Activity: Your reply should set down word for word each line below from the one with "Snapshot of InocentHeaven1" through the final line, both included, but none of the pictures.

Records for the task:
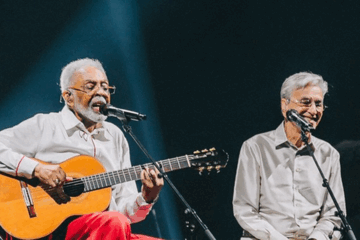 Gilberto Gil e Caetano Veloso cantando juntos na turnê Tempo Rei – dois ícones da música brasileira em apresentação histórica.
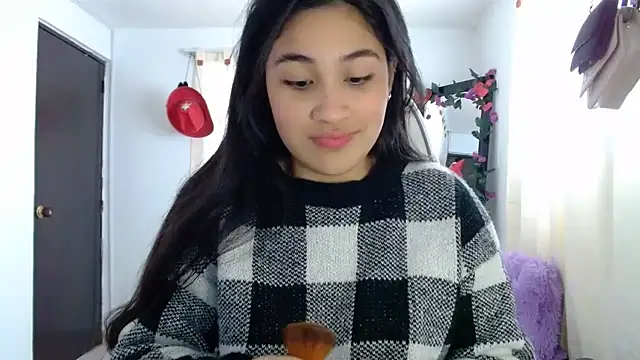 Snapshot of InocentHeaven1 chatting on 02.19.25 InocentHeaven1 online show from 02.19.25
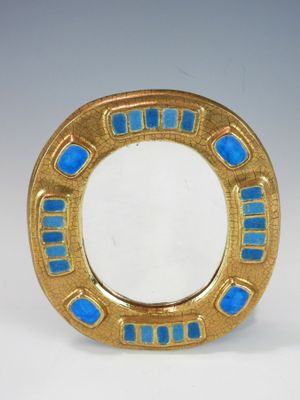 a close up of a gold plate with blue glass in it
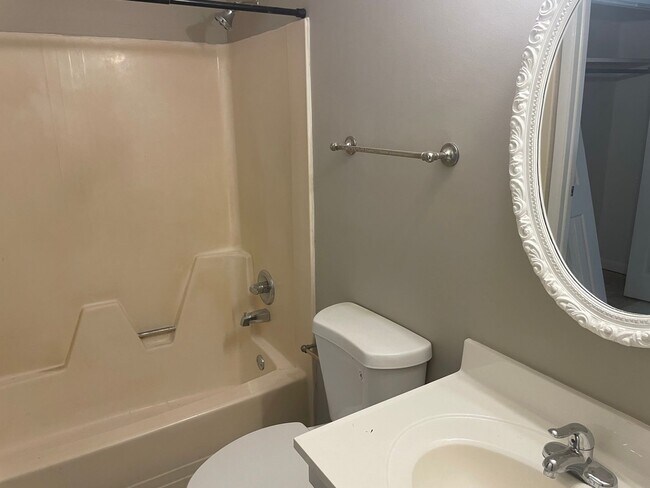 Building Photo - W Knox Townhouse 2BR/1.5BA + Basement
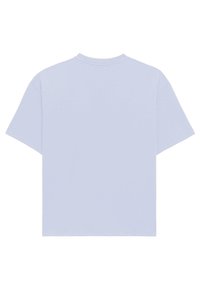 Lichtblauwe katoenen T-shirt, relaxte pasvorm, korte mouwen, ronde hals, effen ontwerp zonder patroon of versieringen, gladde textuur.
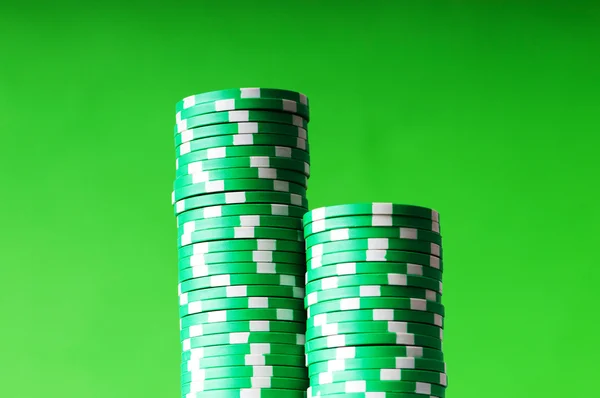 Пачка зеленых фишек казино — стоковое фото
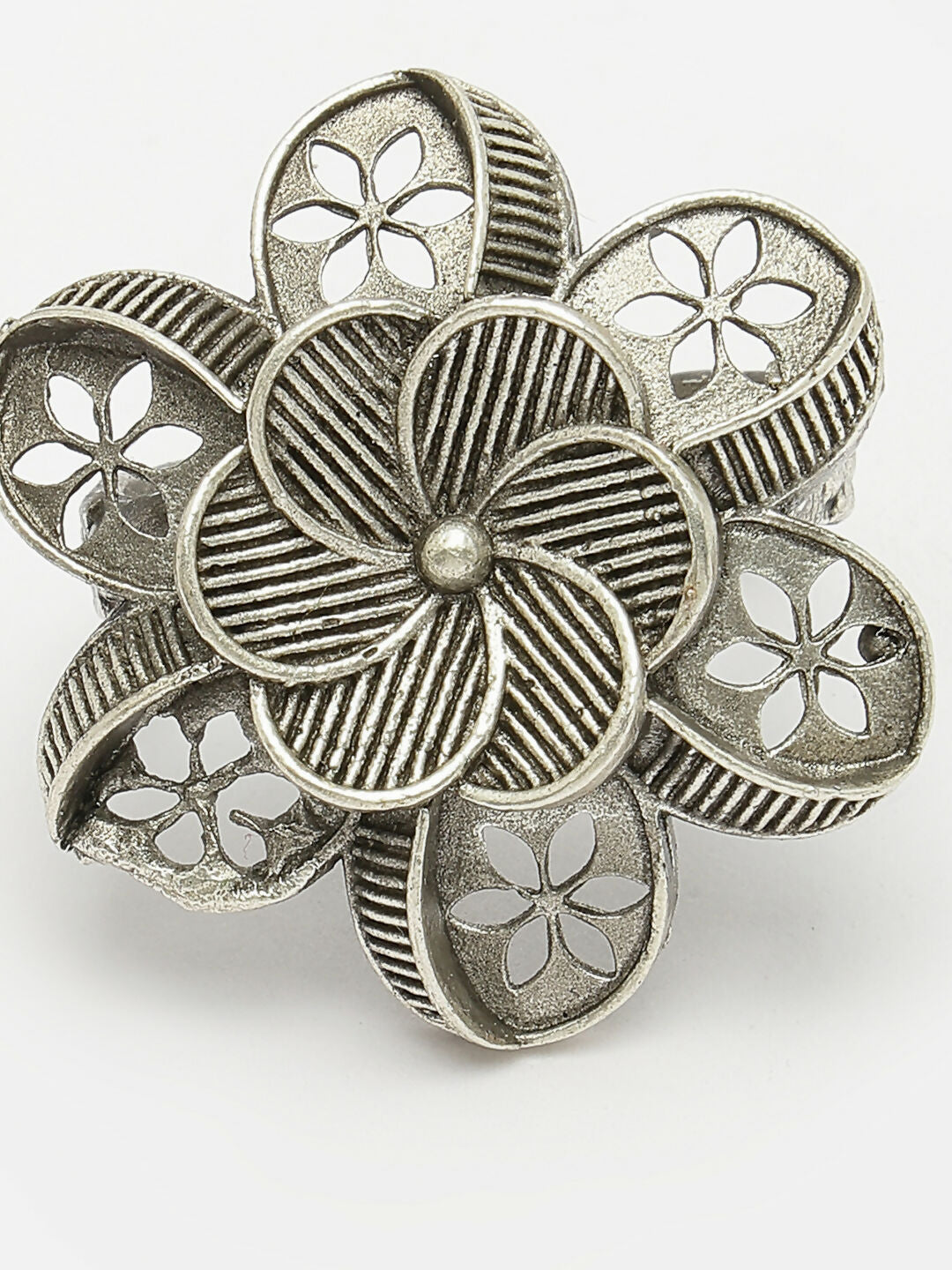 NVR Women's Silver-Toned Floral Shape Adjustable Finger Ring | Grocsy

Output for this exercise:
 Snapshot of InocentHeaven1 chatting on 02.19.25 InocentHeaven1 online show from 02.19.25
 a close up of a gold plate with blue glass in it
 Building Photo - W Knox Townhouse 2BR/1.5BA + Basement
 Lichtblauwe katoenen T-shirt, relaxte pasvorm, korte mouwen, ronde hals, effen ontwerp zonder patroon of versieringen, gladde textuur.
 Пачка зеленых фишек казино — стоковое фото
 NVR Women's Silver-Toned Floral Shape Adjustable Finger Ring | Grocsy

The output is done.